Dmytro Semykras

Piano

French Dmytro Semykras thinks about performance as an act of transfer - something heard becomes something felt. If that moment of connection doesn’t happen, the evening hasn’t quite worked. Technical precision matters deeply to him, but it has never been the goal in itself. The goal is to dissolve the distance between music and listener, allowing audiences to experience a work not only through sound, but through genuine emotional engagement.

Currently studying at the University of Music and Performing Arts Graz with Milana Chernyavska, Dmytro has built an increasingly international profile through performances across Europe and the United States. Recent highlights include First Prize at the Cantù International Piano Competition and the Île-de-France International Piano Competition in Paris. As a soloist he has appeared with the Orquestra Sinfónica do Porto Casa da Música and the Kharkov Philharmonic Orchestra. He is also a founding member of a piano trio now in its fourth year, performing across Europe and the United States — an ensemble through which chamber music has become as central to his artistic life as the solo recital.

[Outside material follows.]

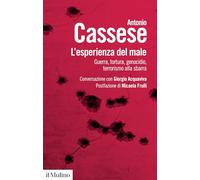 L'esperienza del male. Guerra, tortura, genocidio, terrorismo alla sbarra. Conversazione con Giorgio Acquaviva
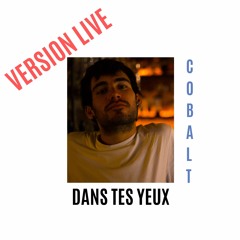 Dans Tes Yeux (LIVE)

What distinguishes Dmytro’s work most clearly is the way he constructs programs. Rather than treating a concert as a sequence of individual pieces, he builds around an idea - a question, an emotional territory, a thread running across centuries. One project traces sonata form from Scarlatti through to Prokofiev: the same architectural instinct, refracted through very different minds across three hundred years. Another, which he calls “Dreams,” brings together Tchaikovsky, Schumann, Prokofiev, and Ravel around a shared emotional territory -  the way artists of great maturity look back at childhood. The pieces come from different countries, different eras, different musical languages, and yet placed together they seem to be in quiet conversation with one another.

At the heart of Dmytro’s work is a belief that music is most powerful when it creates a shared experience between performer and audience. Through thoughtful programming, collaborative exploration, and a deep commitment to the expressive possibilities of the piano, he strives to create performances that resonate long after the final note has faded.